=== Begin Enclosure ===
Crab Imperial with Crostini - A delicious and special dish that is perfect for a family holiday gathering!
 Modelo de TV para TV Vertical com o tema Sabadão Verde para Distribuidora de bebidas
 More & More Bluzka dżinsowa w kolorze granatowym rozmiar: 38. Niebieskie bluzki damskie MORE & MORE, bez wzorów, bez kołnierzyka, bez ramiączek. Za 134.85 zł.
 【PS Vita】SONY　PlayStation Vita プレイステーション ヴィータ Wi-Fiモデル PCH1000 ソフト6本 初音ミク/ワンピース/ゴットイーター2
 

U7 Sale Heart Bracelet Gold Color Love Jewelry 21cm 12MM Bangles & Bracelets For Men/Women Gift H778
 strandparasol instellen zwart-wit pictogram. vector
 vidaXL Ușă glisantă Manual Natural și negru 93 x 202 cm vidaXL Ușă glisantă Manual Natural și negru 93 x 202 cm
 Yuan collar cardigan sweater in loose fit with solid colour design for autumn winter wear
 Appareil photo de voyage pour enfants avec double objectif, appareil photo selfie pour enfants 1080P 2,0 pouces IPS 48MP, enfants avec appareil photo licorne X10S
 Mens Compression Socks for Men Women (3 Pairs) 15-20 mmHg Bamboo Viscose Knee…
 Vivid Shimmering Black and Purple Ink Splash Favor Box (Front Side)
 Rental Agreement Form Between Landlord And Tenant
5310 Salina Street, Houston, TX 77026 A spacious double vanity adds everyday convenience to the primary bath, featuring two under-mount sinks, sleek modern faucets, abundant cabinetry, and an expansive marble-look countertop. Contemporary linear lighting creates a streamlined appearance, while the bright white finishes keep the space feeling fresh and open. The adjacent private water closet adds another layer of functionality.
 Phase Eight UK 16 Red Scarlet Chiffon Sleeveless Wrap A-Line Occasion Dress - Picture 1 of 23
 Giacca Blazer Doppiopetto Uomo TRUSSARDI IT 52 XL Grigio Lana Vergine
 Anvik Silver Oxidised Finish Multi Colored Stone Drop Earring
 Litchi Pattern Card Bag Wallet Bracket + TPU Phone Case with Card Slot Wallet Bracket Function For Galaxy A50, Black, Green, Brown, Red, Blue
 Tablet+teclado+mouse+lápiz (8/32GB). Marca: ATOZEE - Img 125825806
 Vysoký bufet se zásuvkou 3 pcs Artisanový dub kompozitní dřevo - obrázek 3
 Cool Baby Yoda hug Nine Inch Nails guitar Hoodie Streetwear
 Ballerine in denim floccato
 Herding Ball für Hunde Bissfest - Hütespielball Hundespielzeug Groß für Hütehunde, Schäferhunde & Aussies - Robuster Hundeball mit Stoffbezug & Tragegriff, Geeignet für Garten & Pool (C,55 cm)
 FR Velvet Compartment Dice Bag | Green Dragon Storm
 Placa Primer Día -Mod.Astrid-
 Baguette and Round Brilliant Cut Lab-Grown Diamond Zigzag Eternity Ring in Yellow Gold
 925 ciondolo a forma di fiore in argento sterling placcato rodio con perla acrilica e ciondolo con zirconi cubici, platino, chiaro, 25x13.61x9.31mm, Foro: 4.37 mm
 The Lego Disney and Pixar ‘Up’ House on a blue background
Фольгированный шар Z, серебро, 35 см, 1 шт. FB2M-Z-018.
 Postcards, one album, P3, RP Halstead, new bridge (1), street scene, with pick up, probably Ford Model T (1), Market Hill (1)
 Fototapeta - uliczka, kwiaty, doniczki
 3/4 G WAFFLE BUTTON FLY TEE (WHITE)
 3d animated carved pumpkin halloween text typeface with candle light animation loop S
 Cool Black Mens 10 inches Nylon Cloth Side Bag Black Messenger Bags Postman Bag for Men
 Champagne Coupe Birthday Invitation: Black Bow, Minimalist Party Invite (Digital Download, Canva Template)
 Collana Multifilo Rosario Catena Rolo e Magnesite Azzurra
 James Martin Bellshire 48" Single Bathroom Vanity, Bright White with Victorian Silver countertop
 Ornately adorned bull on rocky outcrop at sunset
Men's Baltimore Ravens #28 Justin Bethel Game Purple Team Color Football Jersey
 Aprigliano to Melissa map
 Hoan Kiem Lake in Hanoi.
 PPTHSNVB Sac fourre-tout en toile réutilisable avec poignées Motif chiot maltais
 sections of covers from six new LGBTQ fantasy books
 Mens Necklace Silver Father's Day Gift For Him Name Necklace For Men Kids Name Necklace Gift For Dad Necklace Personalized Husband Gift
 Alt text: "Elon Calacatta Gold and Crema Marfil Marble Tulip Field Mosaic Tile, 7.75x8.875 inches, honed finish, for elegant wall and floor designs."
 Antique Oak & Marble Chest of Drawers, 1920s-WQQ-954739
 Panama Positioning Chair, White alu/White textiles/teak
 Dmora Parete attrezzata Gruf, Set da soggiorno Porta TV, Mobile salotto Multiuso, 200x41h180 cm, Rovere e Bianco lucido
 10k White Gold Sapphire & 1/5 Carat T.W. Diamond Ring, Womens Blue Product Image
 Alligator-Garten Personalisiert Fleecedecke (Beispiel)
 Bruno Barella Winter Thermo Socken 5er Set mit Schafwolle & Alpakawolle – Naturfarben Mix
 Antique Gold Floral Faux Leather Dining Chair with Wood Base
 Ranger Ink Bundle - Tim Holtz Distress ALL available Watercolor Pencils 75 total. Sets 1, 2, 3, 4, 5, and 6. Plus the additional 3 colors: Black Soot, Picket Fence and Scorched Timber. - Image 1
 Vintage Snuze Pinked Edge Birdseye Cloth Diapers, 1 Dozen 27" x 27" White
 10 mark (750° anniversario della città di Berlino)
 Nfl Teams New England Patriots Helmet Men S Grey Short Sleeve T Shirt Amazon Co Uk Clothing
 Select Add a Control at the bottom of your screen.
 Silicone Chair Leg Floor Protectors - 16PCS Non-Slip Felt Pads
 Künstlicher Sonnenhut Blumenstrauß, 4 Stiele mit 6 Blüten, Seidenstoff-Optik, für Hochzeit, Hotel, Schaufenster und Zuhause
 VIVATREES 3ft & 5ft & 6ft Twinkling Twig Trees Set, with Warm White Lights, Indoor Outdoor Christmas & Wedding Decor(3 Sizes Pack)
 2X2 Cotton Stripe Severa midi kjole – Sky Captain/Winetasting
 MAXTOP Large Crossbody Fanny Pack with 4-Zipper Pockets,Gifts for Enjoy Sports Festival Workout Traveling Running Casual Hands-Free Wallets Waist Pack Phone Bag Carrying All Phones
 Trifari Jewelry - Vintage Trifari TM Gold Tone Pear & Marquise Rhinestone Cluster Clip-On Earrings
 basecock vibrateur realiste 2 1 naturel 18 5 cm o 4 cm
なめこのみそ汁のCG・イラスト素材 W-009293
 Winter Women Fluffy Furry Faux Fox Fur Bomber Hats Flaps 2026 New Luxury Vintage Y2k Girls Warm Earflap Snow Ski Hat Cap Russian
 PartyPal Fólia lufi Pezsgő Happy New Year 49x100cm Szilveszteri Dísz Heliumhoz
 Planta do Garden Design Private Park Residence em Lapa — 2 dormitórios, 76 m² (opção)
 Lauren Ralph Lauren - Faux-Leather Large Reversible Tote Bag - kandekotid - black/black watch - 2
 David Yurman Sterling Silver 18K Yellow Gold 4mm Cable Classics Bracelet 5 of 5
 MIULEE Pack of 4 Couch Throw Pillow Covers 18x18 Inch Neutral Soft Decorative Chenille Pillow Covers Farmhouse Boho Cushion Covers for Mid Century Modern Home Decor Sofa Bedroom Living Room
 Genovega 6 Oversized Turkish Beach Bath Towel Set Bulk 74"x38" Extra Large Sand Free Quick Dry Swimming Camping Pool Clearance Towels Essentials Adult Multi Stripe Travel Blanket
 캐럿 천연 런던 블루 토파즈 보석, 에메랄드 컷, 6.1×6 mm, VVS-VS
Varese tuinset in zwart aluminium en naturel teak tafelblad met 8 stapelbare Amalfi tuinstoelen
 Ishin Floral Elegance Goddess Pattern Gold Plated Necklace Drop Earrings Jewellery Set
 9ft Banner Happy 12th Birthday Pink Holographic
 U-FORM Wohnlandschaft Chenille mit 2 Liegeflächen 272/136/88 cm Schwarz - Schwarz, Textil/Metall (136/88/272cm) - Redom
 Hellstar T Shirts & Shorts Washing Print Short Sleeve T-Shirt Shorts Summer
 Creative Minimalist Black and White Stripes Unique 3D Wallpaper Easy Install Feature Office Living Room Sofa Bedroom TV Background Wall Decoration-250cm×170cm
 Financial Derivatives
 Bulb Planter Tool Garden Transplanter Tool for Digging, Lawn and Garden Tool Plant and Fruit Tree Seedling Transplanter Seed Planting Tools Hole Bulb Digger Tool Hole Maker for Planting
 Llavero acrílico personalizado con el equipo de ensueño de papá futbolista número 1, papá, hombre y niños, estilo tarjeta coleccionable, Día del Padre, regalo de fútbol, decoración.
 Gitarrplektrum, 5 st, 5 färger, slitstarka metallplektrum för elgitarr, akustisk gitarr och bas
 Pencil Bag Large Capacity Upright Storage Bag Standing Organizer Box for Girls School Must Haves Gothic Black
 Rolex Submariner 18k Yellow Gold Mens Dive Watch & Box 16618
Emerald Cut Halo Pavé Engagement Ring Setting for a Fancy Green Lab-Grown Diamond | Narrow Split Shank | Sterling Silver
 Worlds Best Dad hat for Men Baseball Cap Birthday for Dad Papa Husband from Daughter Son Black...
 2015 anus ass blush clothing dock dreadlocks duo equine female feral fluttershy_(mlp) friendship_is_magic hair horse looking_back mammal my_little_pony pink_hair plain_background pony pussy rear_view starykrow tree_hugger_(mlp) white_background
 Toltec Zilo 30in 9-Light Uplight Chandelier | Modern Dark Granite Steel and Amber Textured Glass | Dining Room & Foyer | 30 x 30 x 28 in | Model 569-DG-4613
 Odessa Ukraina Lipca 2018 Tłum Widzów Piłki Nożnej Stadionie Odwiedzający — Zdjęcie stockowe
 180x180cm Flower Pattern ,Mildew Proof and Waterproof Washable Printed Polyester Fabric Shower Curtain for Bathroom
=== End Enclosure ===
EXERCISE PROMPT:
Referring to the material above, set down exactly the lines between the line with "925 ciondolo a" and the line with "3/4 G WAFFLE BUTTON FLY TEE (WHITE)", inclusive, and no other lines.

ANSWER FOR THIS EXERCISE:
 925 ciondolo a forma di fiore in argento sterling placcato rodio con perla acrilica e ciondolo con zirconi cubici, platino, chiaro, 25x13.61x9.31mm, Foro: 4.37 mm
 The Lego Disney and Pixar ‘Up’ House on a blue background
Фольгированный шар Z, серебро, 35 см, 1 шт. FB2M-Z-018.
 Postcards, one album, P3, RP Halstead, new bridge (1), street scene, with pick up, probably Ford Model T (1), Market Hill (1)
 Fototapeta - uliczka, kwiaty, doniczki
 3/4 G WAFFLE BUTTON FLY TEE (WHITE)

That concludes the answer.